在数学中,我们要去研究各种结构:数字、组合、几何对象等等。我们研究它们的模式,弄清楚它们是如何工作和相互联系的。我的观点是,任何存在于宇宙中的东西,任何可以被人类大脑制造出来的东西,只要具有某种结构特性,就可以用数学方法来研究。
当然,有人可能会说,像物理、化学和生物学这样的学科也是在做同样的事情:它们在发现存在于世界上的某种物理模式或结构。这些与数学之间的关键区别是什么呢?

The key is that in all of the above-mentioned physical sciences, any problem that you consider has a certain context, a certain specific interpretation. An oscillating pendulum is not the same thing as a vibrating string which is not the same thing as a spring with a mass attached to it. However, from a mathematical point of view, all of these systems are essentially the same thing.
Once you strip away all of the physical details and particular context of a problem, what remains is its mathematical content. The beauty of this is that by considering things so abstractly, you begin to see connections that you would not otherwise recognize. The motion of a pendulum, a string, and a spring are all described using sinusoidal functions. That same periodic behavior might be observed just as well for sound waves, and light waves, and ocean waves.

关键在于,在上述所有的这些类物理学科中,你所考虑的任何问题都存在着具体的背景和特定的解释。一个摆动的钟摆和一个振动的弦是不一样的,同样一个震动的弦和一个正在伸缩的弹簧也不一样。然而,在数学的角度来看,所有这些系统的本质上都是一样的。
一旦你剥去一个问题的所有物理细节和特定背景,剩下的就是它的数学内容。这样做的美妙之处在于,通过对事物进行抽象的思考,你开始看到一些许多事物之间原本意识不到的联系。摆、弦和弹簧的运动都可以用正弦函数来描述。同样的周期循环也可以在声波,光波和海浪中观察到。

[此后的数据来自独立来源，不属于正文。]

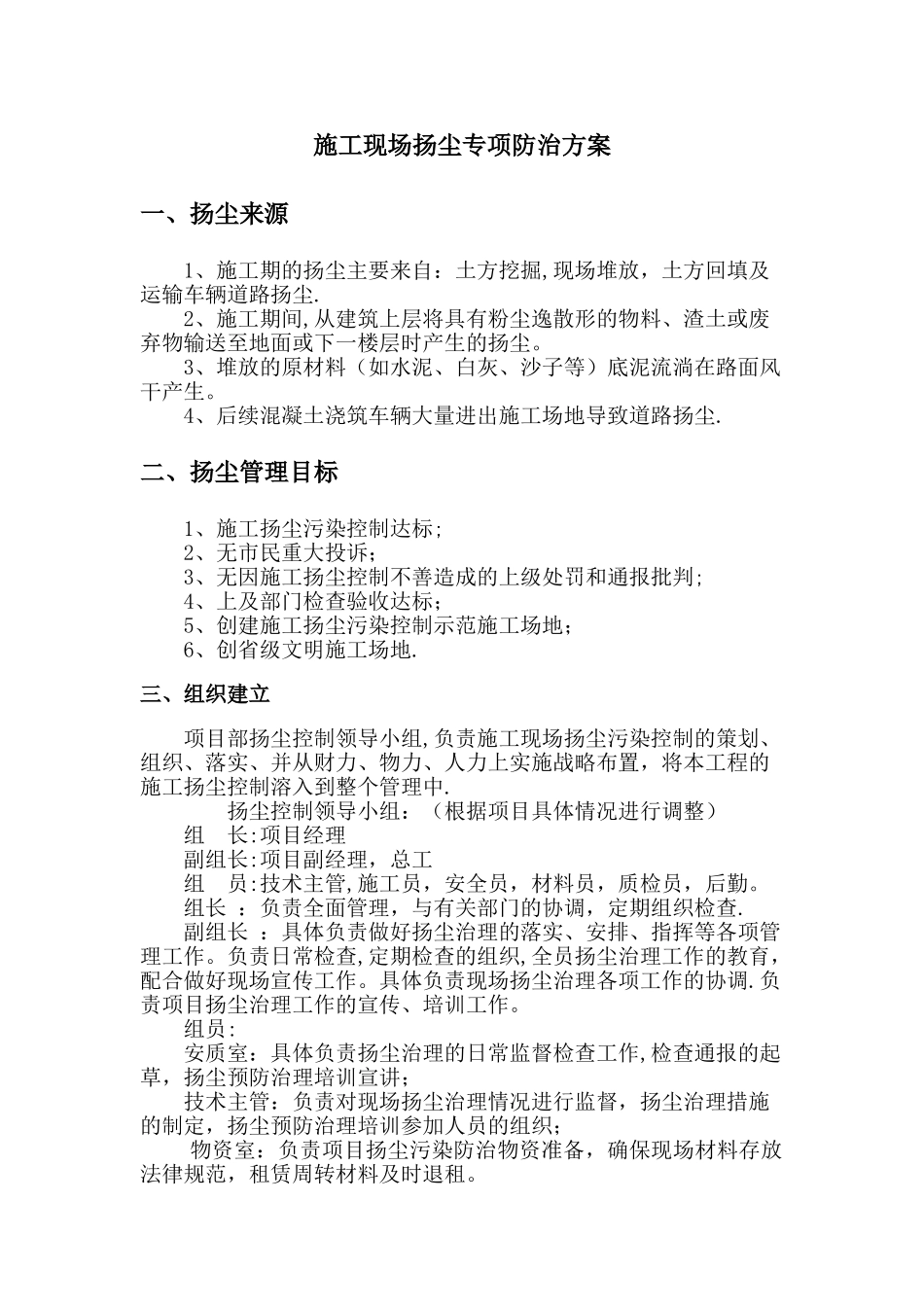 施工现场扬尘专项防治方案10544_第1页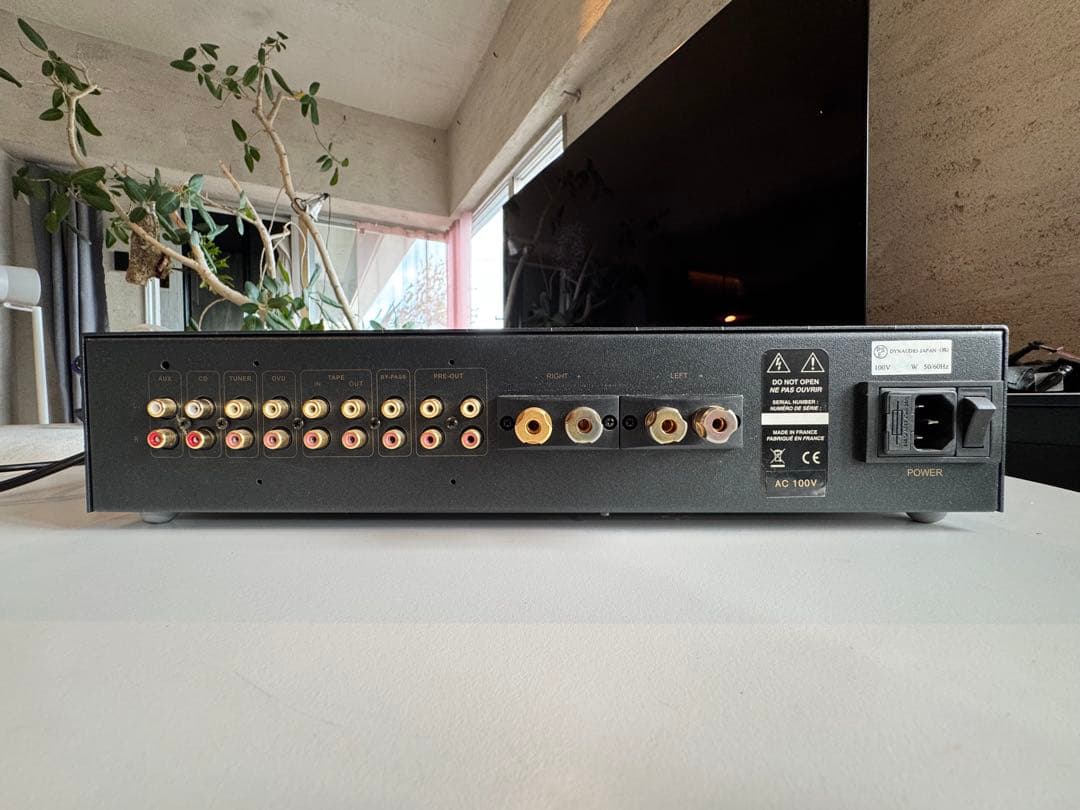 ATOLL IN50SEプリメインアンプ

When you have a perspective this broad, you can begin by looking at a problem one way, flip it around, realize that you can contextualize it in a completely different way, and then start using the tools of a seemingly unconnected theory to solve your problem.
In my mind, that is what makes mathematics beautiful, and what makes it different to just about every other endeavor that mankind has ever attempted.

当你在用具象的视角,你可以从某个角度看待事物,但反过来看,在抽象下你可以将事物在多个维度与其它东西产生联系,然后你就可以开始用一个看似不相干的理论工具来解决你的问题。
在我看来,这就是使数学美丽的原因,也是使它不同于人类曾经使用过的任何其它工具的原因。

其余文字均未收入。